米エネルギー省(DOE)は5月25日、国内で脱炭素化が難しい産業に対して、CO2排出量の実質ゼロ化に向けた最初の取り組みモデルを示すため、ゼロ化対策の基盤構築を目的とした「国立研究所を脱炭素化する試験的プログラム(The Net Zero Labs Pilot Initiative)」を傘下の4つの国立研究所で開始すると発表した。

J.バイデン大統領が2050年までにCO2排出量の実質ゼロ化を目指していることから、DOEはその支援のため、まず国内17の国立研究所の中からアイダホ国立研究所(INL)など、地理的、気候的に異なる地域でそれぞれに特有のエネルギー問題を抱える4つを選定。3,800万ドルの予算で、クリーンエネルギー・インフラの開発をこれらの国立研究所で促進するほか、CO2排出量の削減が可能な技術の開発や活用対策を4つの国立研究所で積極的に講じていく。

これに倣って、産業界のみならずDOEのその他の施設や連邦政府、州政府、地方自治体でも、同様の対策を実施できるような基盤を固めたいとしており、DOEは次年度で、17のすべての国立研究所が競争ベースでこのプログラムの追加予算を獲得可能にする方針である。

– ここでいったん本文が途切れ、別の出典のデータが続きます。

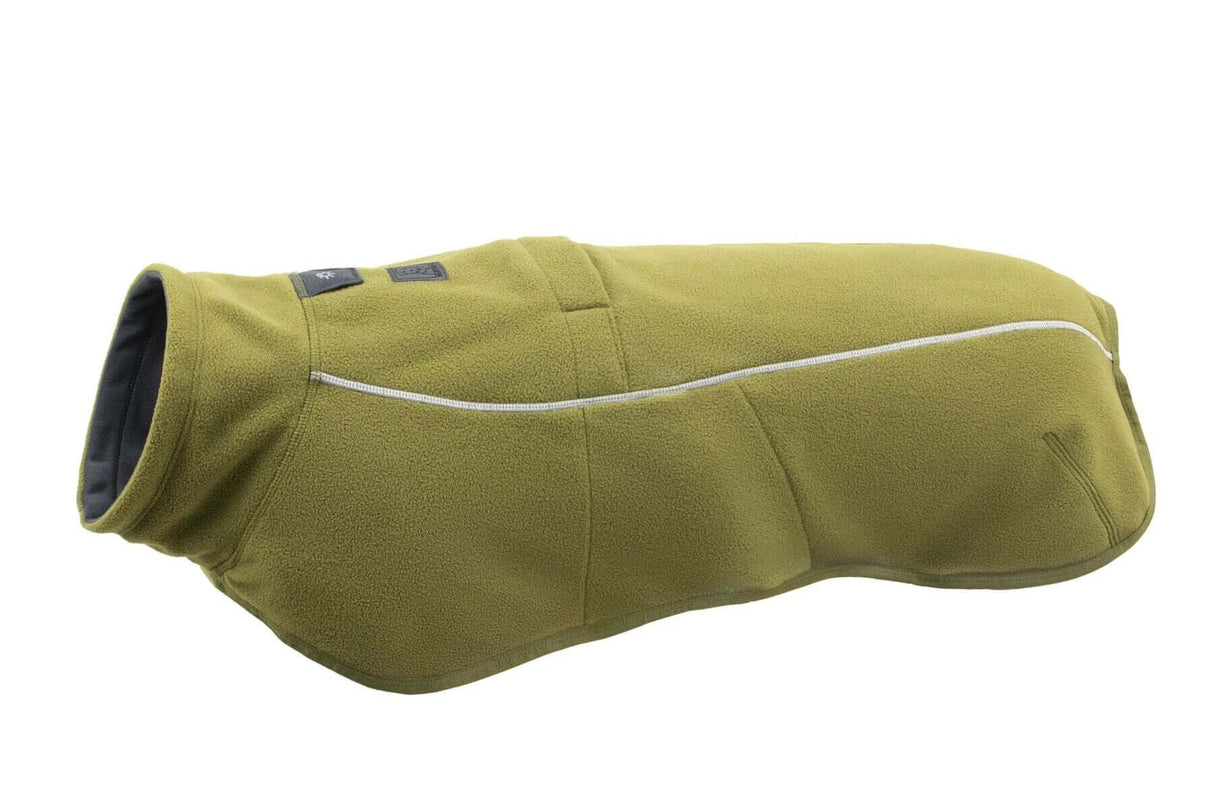 Ruffwear Climate Changer Fleece Vest Dog Jacket by Ruffwear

DOEの説明によると、傘下の国立研究所は連邦政府施設のなかでも最も複合的にエネルギーを活用しており、その他の標準的な施設と比べて、供給停止からの回復力(レジリエンス)といった要求事項がはるかに多い。それぞれの国立研究所が、産業規模の重機器やデータセンター、原子炉など、大容量で持続的な動力源を必要とする特殊なインフラ設備を備えているため、DOEは今回のプログラムを通じて、このような重要設備がクリーンエネルギーで動くことを実証する考えだ。

INLのほかに今回選定された研究所は、ペンシルベニア州とウエスト・バージニア州およびオレゴン州に3つの分所を持つ「国立エネルギー技術研究所(NETL)」、コロラド州の「国立再生可能エネルギー研究所(NREL)」、そしてワシントン州の「国立パシフィックノースウエスト研究所(PNNL)」である。

INLでは、米国が脱炭素化目標を達成するため先進的な原子力技術を研究しており、「この目標達成には、技術革新を進めるこれら4つの研究所が連携して取り組むことが重要だ」と指摘した。これに向けて、INLは先進的原子炉技術やその他の技術開発で、数10年にわたって積み重ねてきた研究や経験を活用すると表明。革新的原子力技術の開発・実証・実用化というミッションを担う国立の原子力研究所として、INLはこのプログラムでCO2排出量を実質ゼロ化するための包括的なアプローチを取っていく。

原子力に関してINLは、24時間年中無休で無炭素なエネルギーを生み出せる確認済みの技術と評価しており、これによって化石燃料への依存度を大幅に下げるとともにCO2の排出量も削減できると強調。そのために、マイクロ原子炉や小型モジュール炉(SMR)など先進的原子炉技術の活用を進めており、これらを太陽光や風力などの再生可能エネルギー源と統合した場合は、小規模発電網が有効であることも実証するとしている。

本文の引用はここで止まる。